About five years ago, concerned neighbors started meeting regularly with representatives from Pillsbury United Communities (Waite House), Little Earth of United Nations, Hope Community, and Main Street Project to discuss the possibility of creating a new media platform that more accurately reflected the communities, voices, and cultures of South Minneapolis.

Over those five years, the group successfully applied to the FCC for a license to broadcast at 98.9 FM, recruited over 100 volunteers, formed an advisory board, built a studio, led close to 60 free training sessions, launched the website (, and began broadcasting 83 hours of content each week.

Greg Fields hosting TheGMusicShowPhoto left: Greg Fields hosts The G Music Show for 98.9 KRSM Radio. The station hasn’t officially launched yet, but already has weekly content on its web site in six different languages (English, Spanish, Somali, Ojibwe, Hmong, and Haitian Creole). There are shows about mental health, politics, race and identity, food justice, entrepreneurship, architecture, and language, as well as lots of music. (Photo submitted)

The station will be a tool for sharing news, music, storytelling, debate, and public health/safety announcements.

“We haven’t even launched yet, and we already have weekly content in six different languages (English, Spanish, Somali, Ojibwe, Hmong, and Haitian Creole),” observed Kelly.

There are shows about mental health, politics, race and identity, food justice, entrepreneurship, architecture, and language, as well as lots of great music.

“A few of my favorite shows so far are Project 35 (an eclectic music show hosted by Válerie Déus), DesignHER Life (Felicia Perry’s ode to women of color creative entrepreneurs and the challenges they face), and The Jungle (where Adriana Foreman mixes great music with short recordings of dynamic Southsiders sharing whatever is in their heart at the moment…from reflections on student loans to guided meditations to poetry and self-care tips),” said Kelly.
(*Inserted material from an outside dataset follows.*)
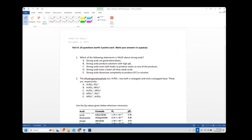Alright, let's get started on exam two. Number one: which of the following statements is false about strong acids? Strong acids are strong electrolytes, they completely dissociate, and they don't form buffers. Strong acids are good electrolytes — that's true. Strong acids produce solutions with high pH? No, they produce low pH. Stronger acids lower pH, so that statement is false, making it the correct answer.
He is also proud of some of the partnerships the station has formed with media makers outside Minneapolis.

“We’re airing fantastic content from reservation radio stations in Leech Lake and White Earth,” remarked Kelly. “We’re sharing Spanish language content from Democracy Now. Monday-Friday at noon, we share nationally syndicated call-in shows made specifically for Latinx communities (Tues./Wed,) and Indigenous populations (Mon./Thur./Fri.).”

Tradition of radio as place for civic conversation
Community radio played a crucial role in steering Kelly’s life in the direction it has taken.
“Radio K (1997-1999) was where I cut my teeth in Minneapolis,” recalled Kelly. It’s where he first tried out DJing and editing audio and recording promos and throwing shows and marketing and speaking in a community space. And it’s where he met local rapper Brother Ali.

“When I moved on from my show, I became Ali’s DJ and spent the next 15 years of my life recording, performing, and traveling… all thanks to community radio,” said Kelly.

In the past, when there were many local stations, the system allowed trusted voices to emerge from the community, Kelly pointed out. “It served as a petri dish for local music sounds. It was a place for civic conversation. We’re honoring that tradition while trying to update it with more attention to equity and representation.”

Representation also about who makes decisions
KSRM representatives have worked with five classrooms of kids from three different local schools, and the aim is to double those numbers next school year.

“But representation is about more than just who we put on the air, it’s about who we put in positions of power,” remarked Kelly.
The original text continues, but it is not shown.